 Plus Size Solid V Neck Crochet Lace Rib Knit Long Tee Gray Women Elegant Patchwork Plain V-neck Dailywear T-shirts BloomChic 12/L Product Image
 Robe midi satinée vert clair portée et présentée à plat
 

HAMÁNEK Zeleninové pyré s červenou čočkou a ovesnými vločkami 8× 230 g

* * *

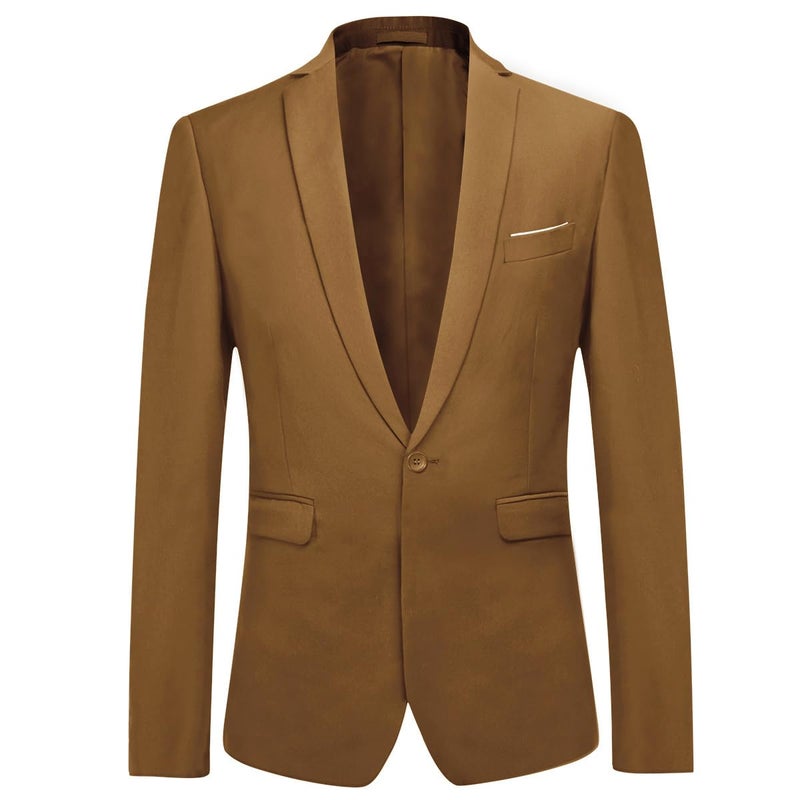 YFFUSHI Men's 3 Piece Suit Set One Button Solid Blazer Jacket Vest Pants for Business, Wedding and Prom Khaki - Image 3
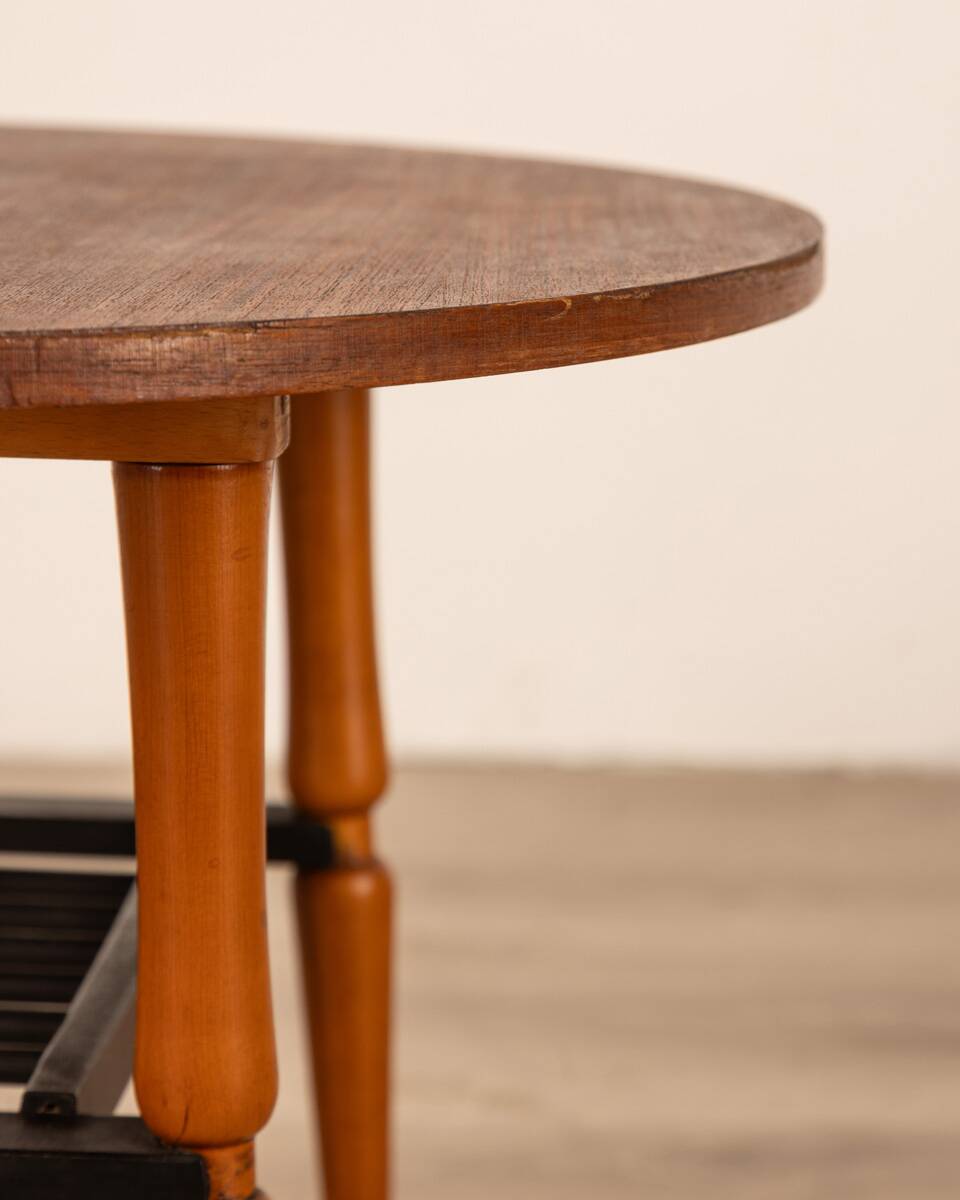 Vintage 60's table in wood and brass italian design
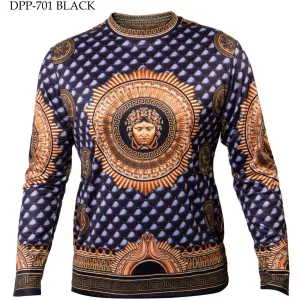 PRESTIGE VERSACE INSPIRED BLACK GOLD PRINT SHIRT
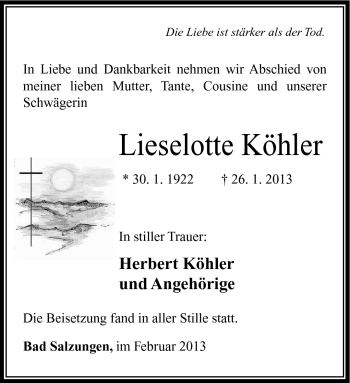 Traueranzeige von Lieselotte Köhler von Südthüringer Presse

• [TASK]: Retype only this portion of the data above: the line containing "Plus Size Solid", the line containing "HAMÁNEK Zeleninové pyré", and all lines between them, exactly.

• [SOLUTION BELOW]:
 Plus Size Solid V Neck Crochet Lace Rib Knit Long Tee Gray Women Elegant Patchwork Plain V-neck Dailywear T-shirts BloomChic 12/L Product Image
 Robe midi satinée vert clair portée et présentée à plat
 

HAMÁNEK Zeleninové pyré s červenou čočkou a ovesnými vločkami 8× 230 g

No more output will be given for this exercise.